▶ Instructions for the task
Repeat the records below exactly, from the first line through the line containing "介護老人保健施設　むつみ苑　日常生活支援の様子", and leave out any pictures.

*** Data to process Section Begins ***

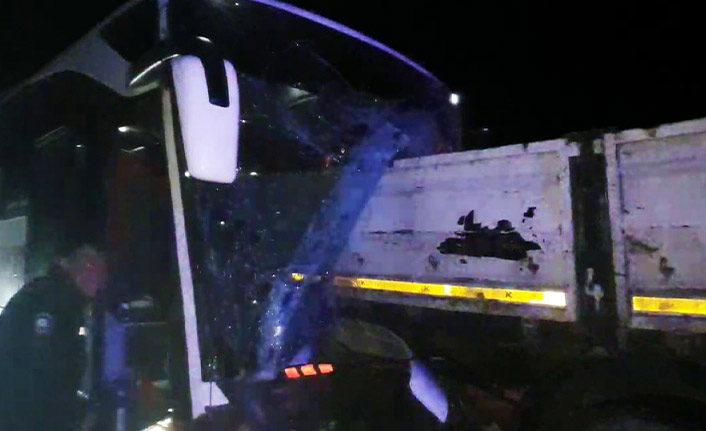 Yolcu otobüsü tıra ok gibi saplandı! Ölü ve yaralılar var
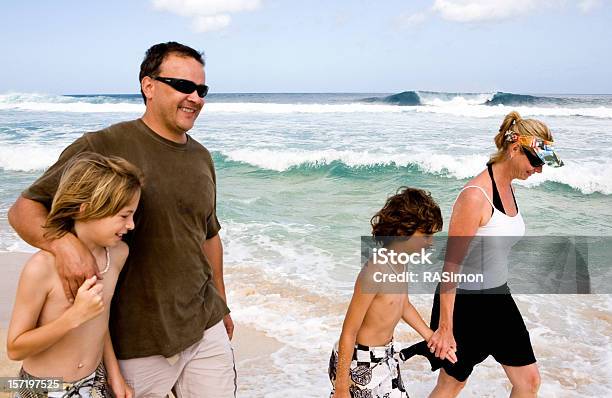 Familie Gehen Am Strand Stockfoto und mehr Bilder von Alleinerzieherin - Alleinerzieherin, Brandung, Ein Elternteil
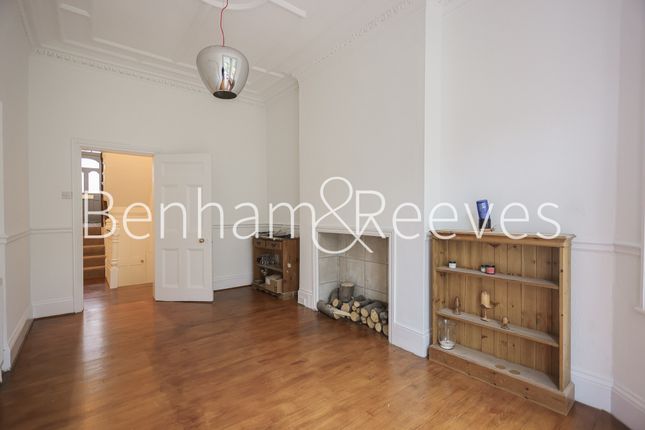 Flat to rent in Priory Gardens, Highgate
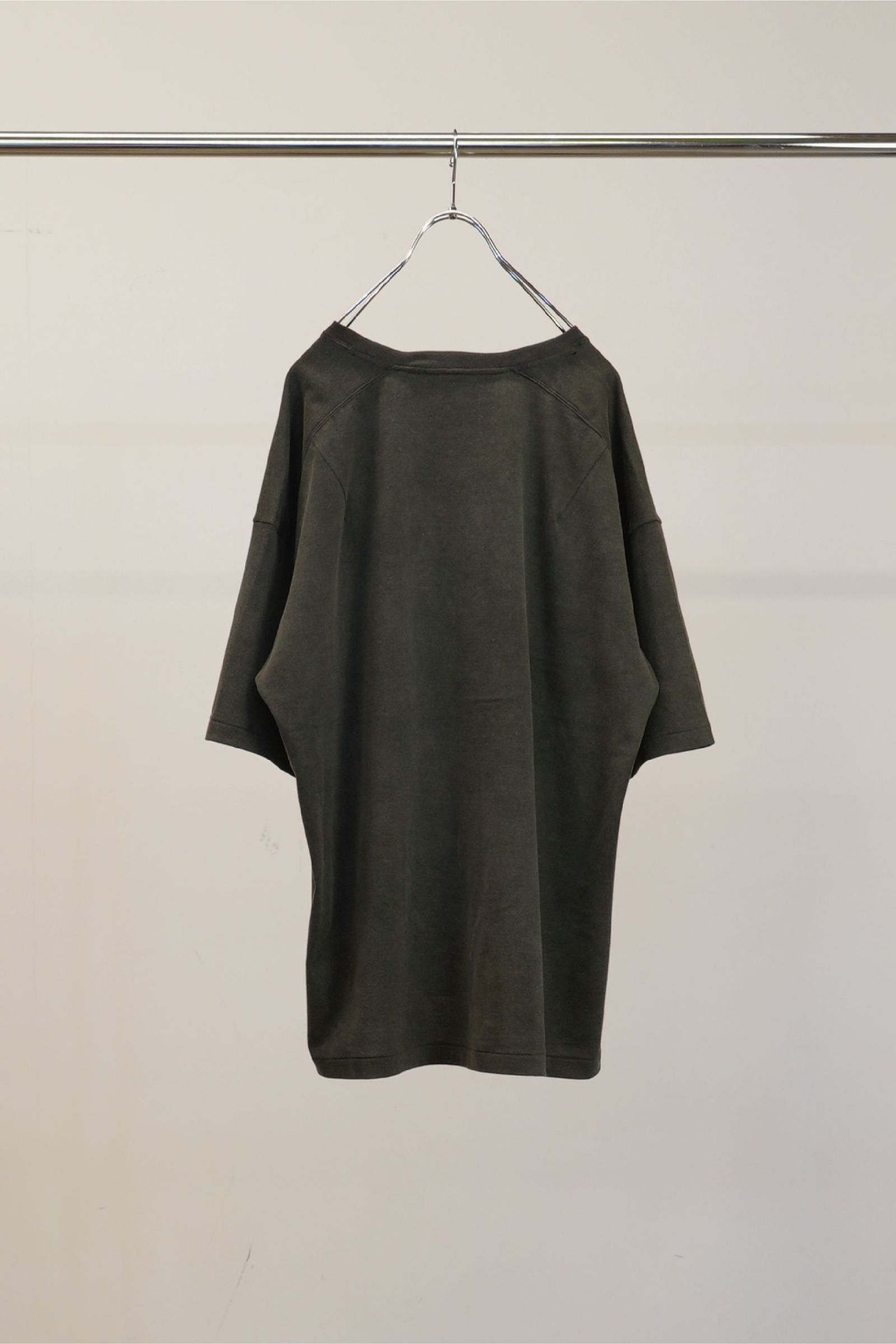 UNEVENNESS SS | BLACK | カットソー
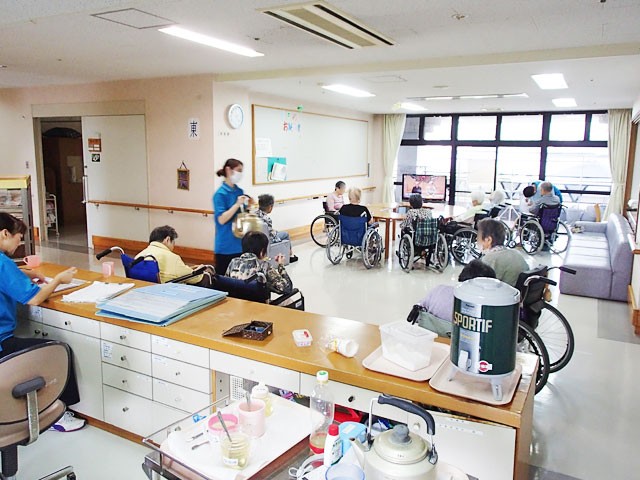 介護老人保健施設　むつみ苑　日常生活支援の様子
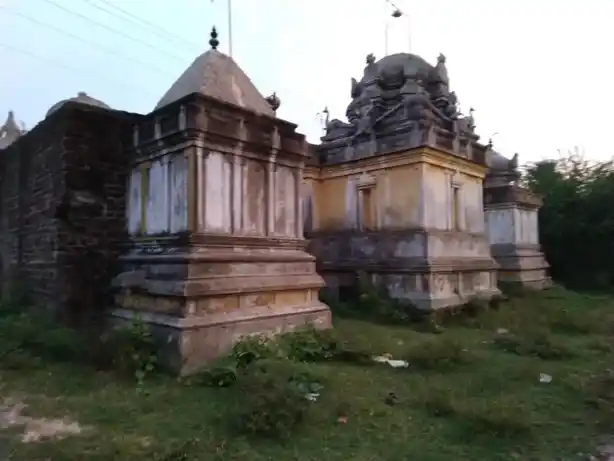 Arulmigu Palaniyadaar Temple, Aruthavapulam - 614711 Arulmigu Palaniyadaar Temple, Aruthavapulam - 614711, Nagapattinam - Ancient Temple Architecture and History Image 5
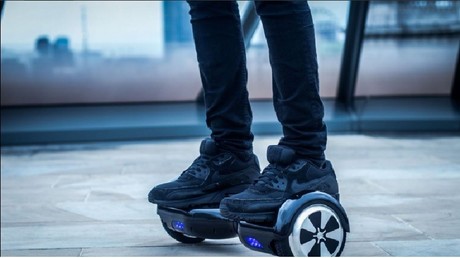 Un prêtre philippin suspendu pour avoir roulé en Hoverboard pendant la messe de Noël (VIDEO)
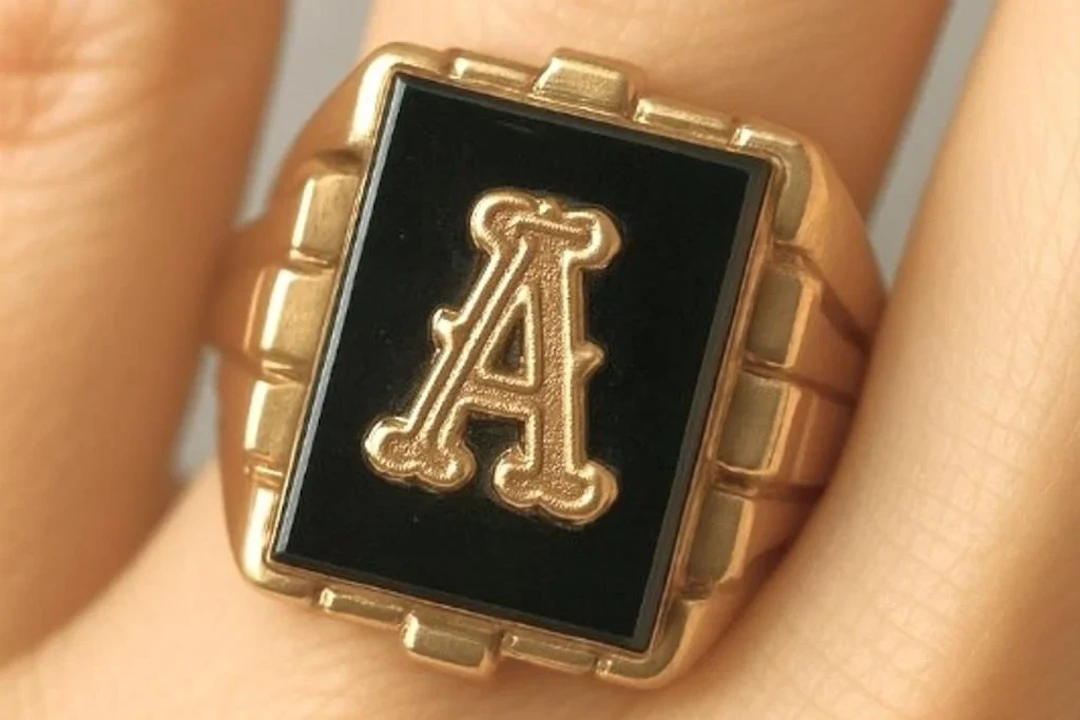 $3000, 10k(4.74g), men estate ring, size 10.5, msr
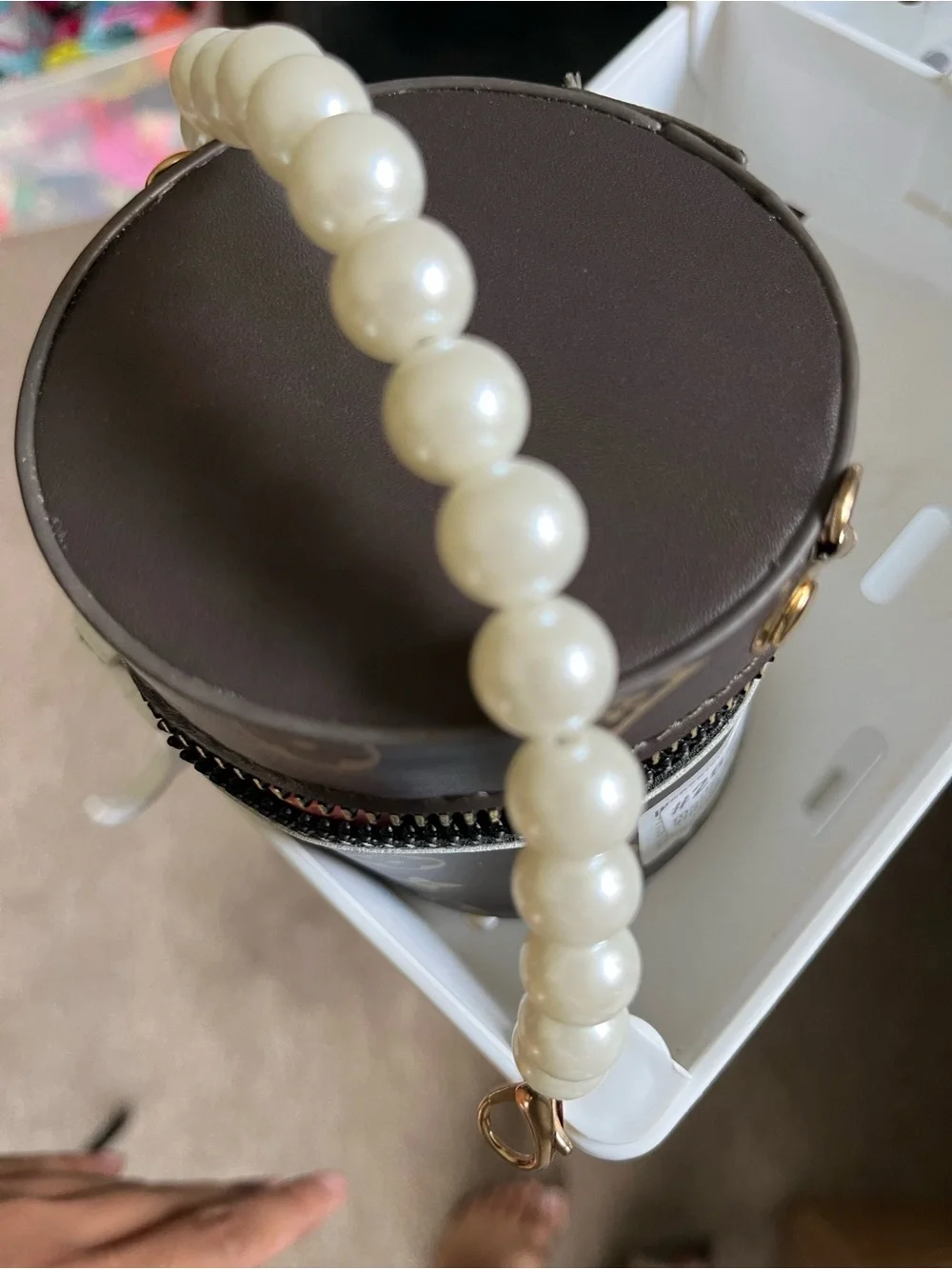 Lipgloss with case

*** Data to process Section Ends ***

▶ The completed task
 Yolcu otobüsü tıra ok gibi saplandı! Ölü ve yaralılar var
 Familie Gehen Am Strand Stockfoto und mehr Bilder von Alleinerzieherin - Alleinerzieherin, Brandung, Ein Elternteil
 Flat to rent in Priory Gardens, Highgate
 UNEVENNESS SS | BLACK | カットソー
 介護老人保健施設　むつみ苑　日常生活支援の様子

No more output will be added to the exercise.